Thank you for your hard and unappreciated work for the last 10 years.

But if you're no longer interested in continuing to devleop TrueCrypt, could
you _please_ replace the license on 7.1a with one of the OSI-approved, DFSG-
compatible licenses so that other people can keep developing and using
TrueCrypt if they want to? I know that you think it's risky to keep using
TrueCrypt, but there seem to be plenty of people who are willing to fork over
tens of thousands of dollars to discover and fix any security issues.

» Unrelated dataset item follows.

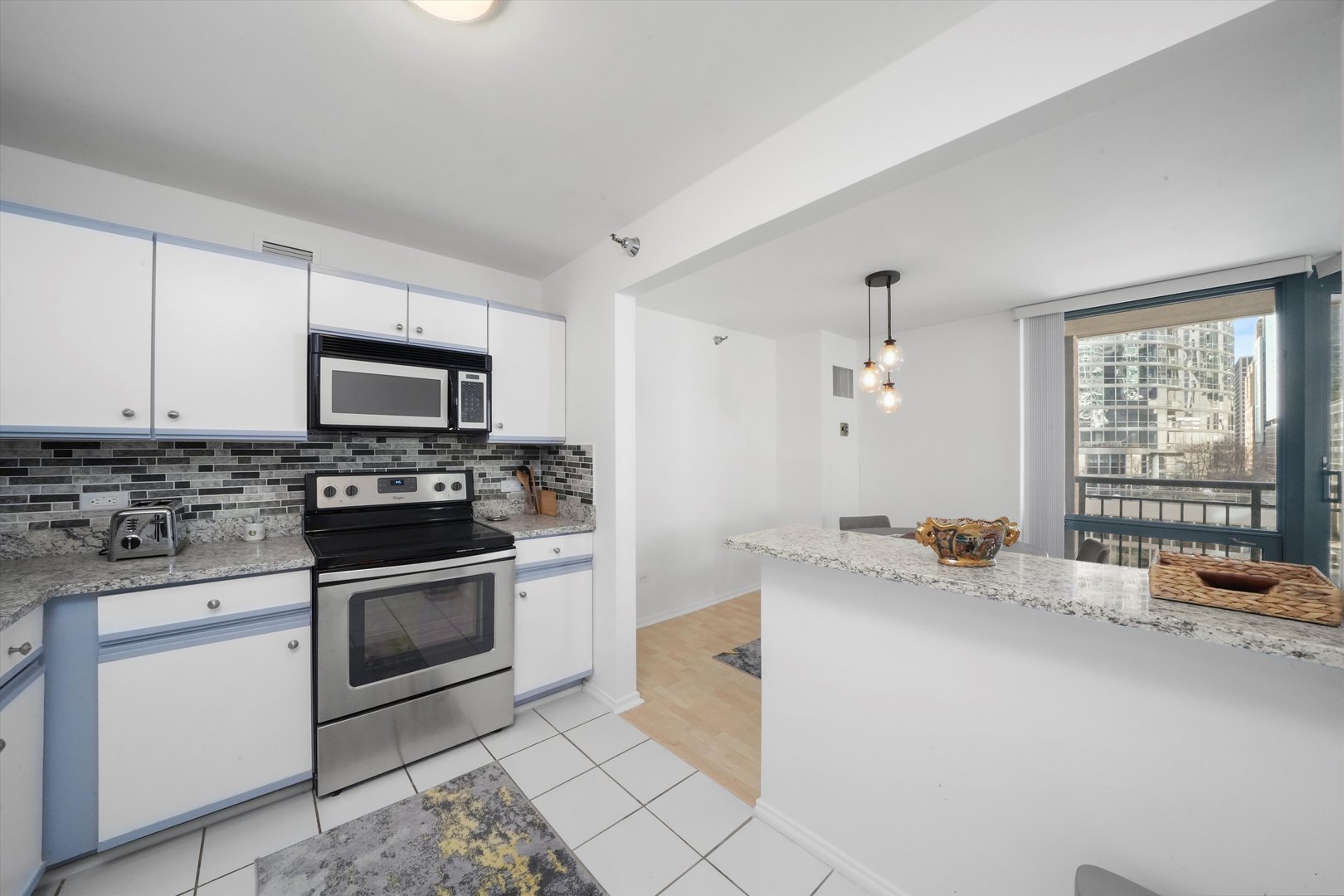480 N Mcclurg Court 901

An email sent to the auditing team and/or a message published on the official
website, signed with your usual keys, should suffice.

------
B-Con
This really doesn't feel satisfying. What about the bizarre way the project
was taken down? They really recommend Bitlocker? They literally think you
should just grep for "crypt" and use the result for your needs?

I guess I can buy that declaring it insecure because the dev team is no longer
maintaining it makes sense.

Assuming this is legit, I wonder if the move toward cloud storage and mobile
devices made them feel that they were slipping into a niche need. I disagree
(to some extent), but maybe they felt the bulk of their usefulness was behind
them.

------
ruskerdax
Is there any proof that these statements from the devs are legit?

------
higherpurpose
They still don't want to explain why they took it down so abruptly, which is
strange to say the least for a popular 10 year project.

Also, why didn't they make it easy to continue to project with the license,
and why do they keep saying that forking Truecrypt is "harmful"?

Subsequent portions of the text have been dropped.